Given the listing below, write out exactly the lines starting with the line that has "Fits 03-17 Expedition" and going on through the line that has "Cách sử dụng", both kept.

INPUT DATA: Begin

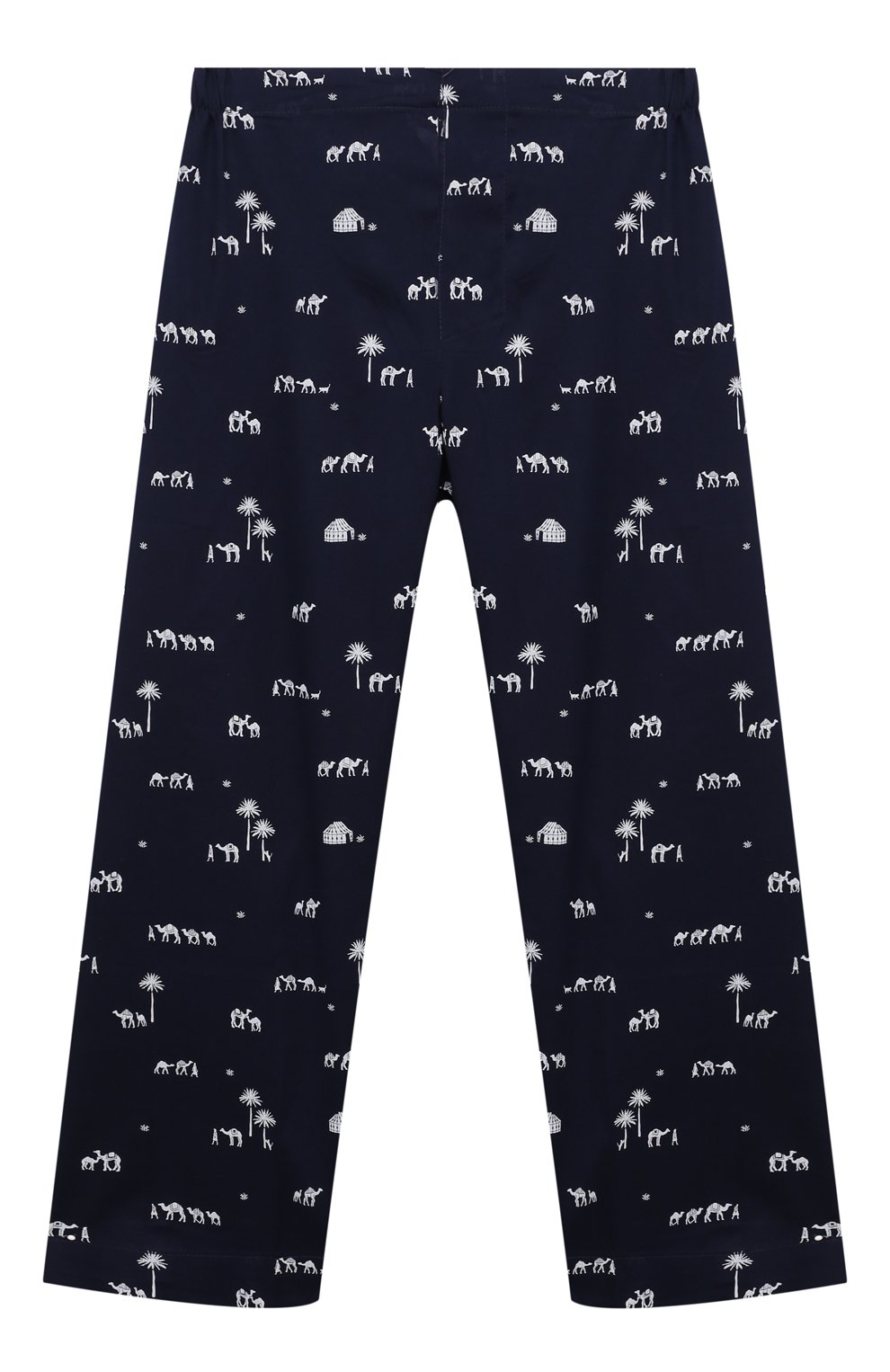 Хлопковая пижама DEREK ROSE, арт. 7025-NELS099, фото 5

INPUT DATA: End
INPUT DATA: Begin

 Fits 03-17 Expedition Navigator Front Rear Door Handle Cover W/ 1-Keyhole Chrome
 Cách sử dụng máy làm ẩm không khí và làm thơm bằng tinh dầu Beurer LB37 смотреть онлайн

INPUT DATA: End
INPUT DATA: Begin

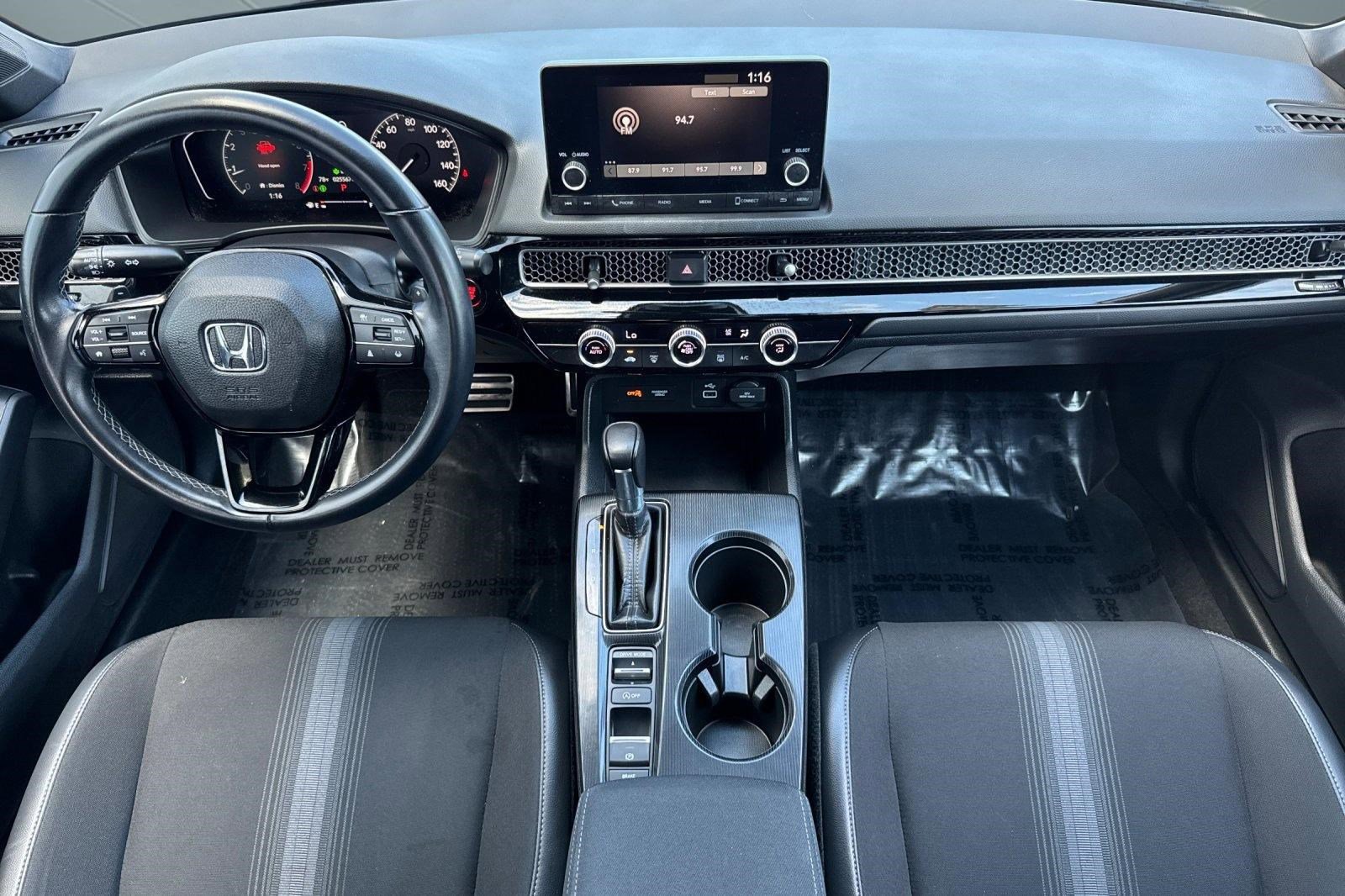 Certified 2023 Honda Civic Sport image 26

INPUT DATA: End

*EXERCISE RESULT*:
 Fits 03-17 Expedition Navigator Front Rear Door Handle Cover W/ 1-Keyhole Chrome
 Cách sử dụng máy làm ẩm không khí và làm thơm bằng tinh dầu Beurer LB37 смотреть онлайн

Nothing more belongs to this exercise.